James Lawton: Mirror, mirror on the Stamford Bridge wall: Is 'the Special One' still on the ball?

29 April 2005

His Lordship, the "Special One", has passed such tests before but maybe the title Jose Mourinho bestowed on himself is in need of its annual check-up.

Not for any central flaw, nor any possible dismissal of all that he has achieved; but being unique and brilliant and a little more rewarding each time you look into the mirror is something that has to be worked on day by day.

This carries us to the truth that Wednesday night's Champions' League semi-final at Stamford Bridge was not only about Liverpool glory and the tactical nous of their coach Rafael Benitez. It also had something to do with the fact that Mourinho and his team were a long way from masterful.

The killing judgement on his and his team's performance is simply not deflected by his quite reasonable claim that at least a shade of odds will still favour Chelsea when they go to an inflamed Anfield on Tuesday night. Whatever he says, Mourinho cannot obscure the fact that it would be infinitely better to have the cushion of at least one goal when he attempts to plot his way through the trial by emotion and compelling tradition that awaits him on Merseyside. Given this unnegotiable reality, the verdict on Chelsea in the final phase of the first leg cannot be anything other than damning.

Consider the facts: Liverpool, held together chiefly by the astonishing will and resilience of Jamie Carragher, were happy to stay on the ropes and wait for the chance to apply all available pressure at home. For Mourinho, the master strategist, the obligation was clear. He had to conspire with his players, the most willing in football, one final, biting assault. But what did he do? He finished with a long-ball assault, throwing in not just the striker he started with, Didier Drogba, but two more, the reassigned Eidur Gudjohnsen and the substitute Mateja Kezman. It is the kind of thing you expect to see on a bad day at Stockport, not in the home of the putative powerhouse of the European game.

Compounding Mourinho's distress - despite his laconic, philosophical performance in front of the television cameras later - was the fact that in its final re-organisation his team failed to produce a single threat to Jerzy Dudek. While Benitez prowled the technical area, reacting to almost every ball that was played, Mourinho, the activator, the self-proclaimed master of motivation, was strangely passive. Instead of strategy he came up with one of the great clichés of football, the last resort of long balls and crowded penalty areas. For Carragher's central defensive partner, Sami Hyypia, who had looked rattled several times in the early going, when Chelsea had a proper shape, it was a gift that came down from the heavens. He headed away a spate of long and optimistic balls. It is what he can do in his sleep. If Mourinho's life is, as he asserts, a movie, this was surely the point when the reel snapped.

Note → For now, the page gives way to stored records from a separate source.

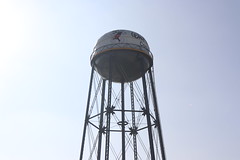 Disney Studios Water Tower • <a style="font-size:0.8em;" href="http://www.flickr.com/photos/28558260@N04/31960839958/" target="_blank">View on Flickr</a>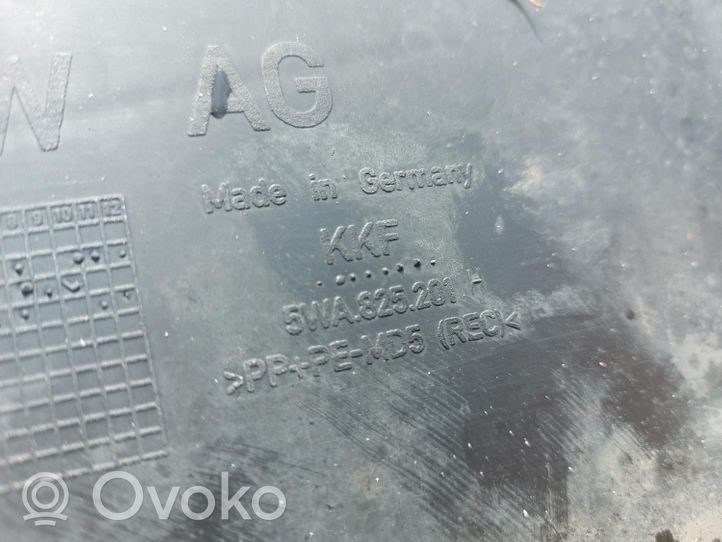 Skoda Karoq Osłona boczna podwozia 5wa825201h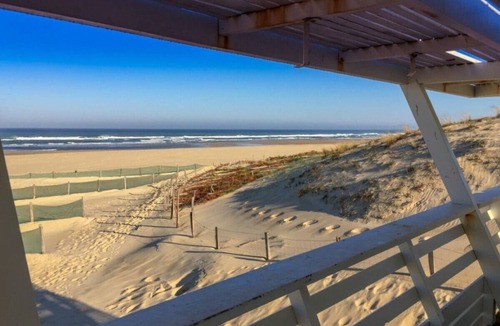 Moliets-et-Maa Apartment | Apartment for 5 in leisure residence with pool, beach walk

The burning question now, with Milan looking less than awesome in the other semi-final despite holding a 2-0 advantage over PSV Eindhoven from the first leg at San Siro, is whether Mourinho can effect satisfactory repairs by next Tuesday night. There is one certainty. He will be helped immensely if Arjen Robben and Damien Duff are fit enough to start. For here we come to another question mark against the current standing of Mourinho's genius. It is that without these players - on Wednesday Robben was able to play only one half, the second, by which time Liverpool had already walked through the most critical storm and were set in their defiance - Chelsea are only half the team.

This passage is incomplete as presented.